The AI can quickly assess the “forcefulness” of any candidate action plan by asking itself whether the plan will involve giving choices to people vs. forcing them to do something whether they like it or not. If a plan is of the latter sort, more care is needed, so it will canvass a sample of people to see if their reactions are positive or negative.
So, I think this touches on the difficult part. As humans, we have a good idea of what “giving choices to people” vs. “forcing them to do something” looks like. This concept would need to resolve some edge cases, such as putting psychological manipulation in the “forceful” category (even though it can be done with only text). A sufficiently advanced AI’s concept space might contain a similar concept. But how do we pinpoint this concept in the AI’s concept space? Very likely, the concept space will be very complicated and difficult for humans to understand. It might very well contain concepts that look a lot like the “giving choices to people” vs. “forcing them to do something” distinction on multiple examples, but are different in important ways. We need to pinpoint it in order to make this concept part of the AI’s decision-making procedure.
It will also be able to model people (as it must be able to do, because all intelligent systems must be able to model the world pretty accurately or they don’t qualifiy as ‘intelligent’) so it will probably have a pretty shrewd idea already of whether people will react positively or negatively toward some intended action plan.

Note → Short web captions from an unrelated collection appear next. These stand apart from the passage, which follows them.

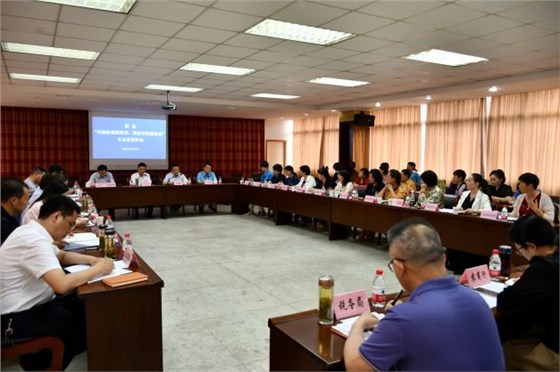 涇縣女企業(yè)家沙龍?jiān)谕钅想姍C(jī)舉行 涇縣女企業(yè)家沙龍?jiān)谕钅想姍C(jī)舉行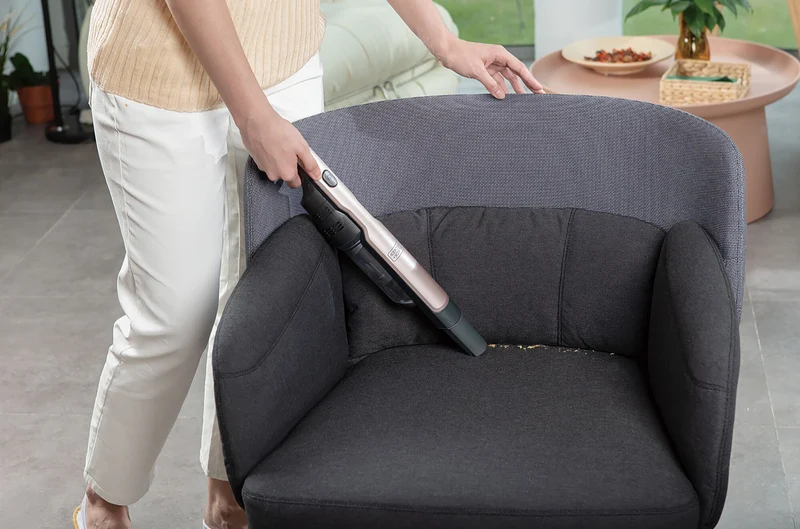 BLACK & DECKER 12V Brushless Hand Vacuum Rose Gold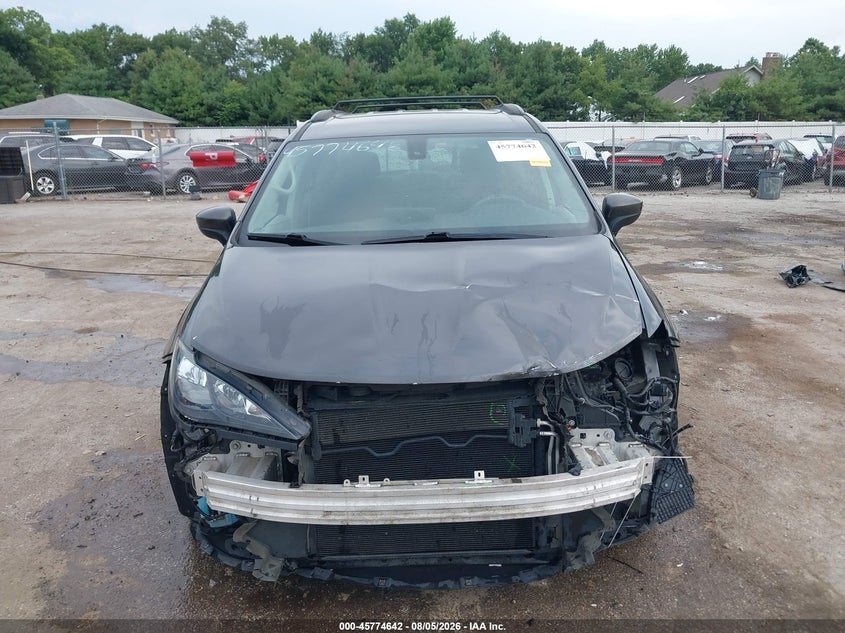 CHRYSLER PACIFICA - zdjęcie 13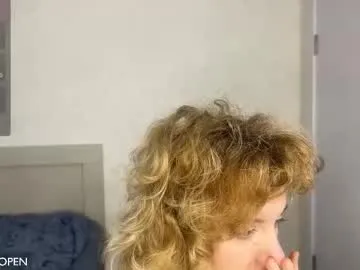 play_me_softly — Blowjob  Tip 80 tks to open a secret Valentine task #lovense #natural #couple #blowjob [400 tokens remaining]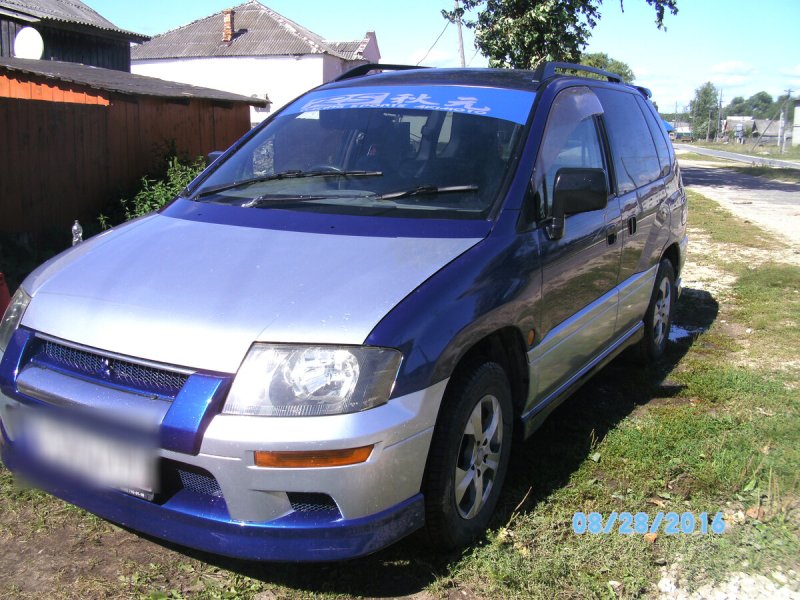 Mitsubishi RVR 1999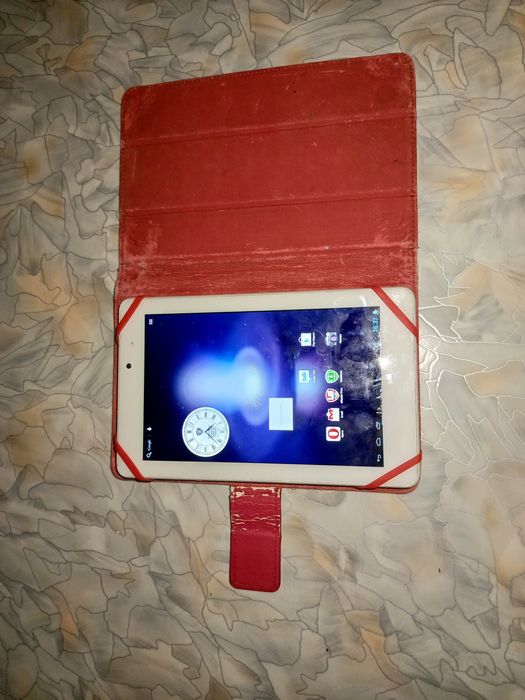 Планшет PRESTIGIO с чехлом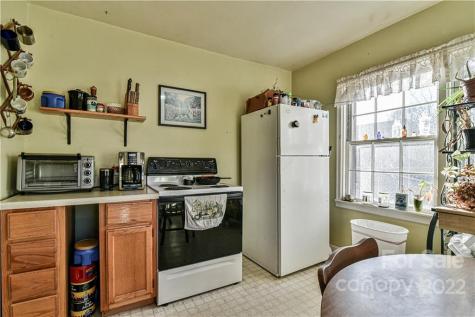 103 Third Street Black Mountain NC 28711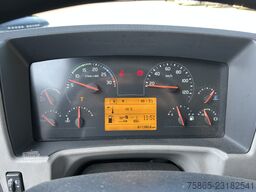 Volvo FL 210 / 12 Ton / 611 dkm / Box / Loadlift / AP...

This seems pretty similar to Paul’s idea of a black-box human in the counterfactual loop. I think this is probably a good idea, but the two problems here are (1) setting up this (possibly counterfactual) interaction in a way that it approves a large class of good plans and rejects almost all bad plans (see the next section), and (2) having a good way to predict the outcome of this interaction usually without actually performing it. While we could say that (2) will be solved by virtue of the superintelligence being a superintelligence, in practice we’ll probably get AGI before we get uploads, so we’ll need some sort of semi-reliable way to predict humans without actually simulating them. Additionally, the AI might need to self-improve to be anywhere smart enough to consider this complex hypothetical, and so we’ll need some kind of low-impact self-improvement system. Again, I think this is probably a good idea, but there are quite a lot of issues with it, and we might need to do something different in practice. Paul has written about problems with black-box approaches based on predicting counterfactual humans here and here. I think it’s a good idea to develop both black-box solutions and white-box solutions, so we are not over-reliant on the assumptions involved in one or the other.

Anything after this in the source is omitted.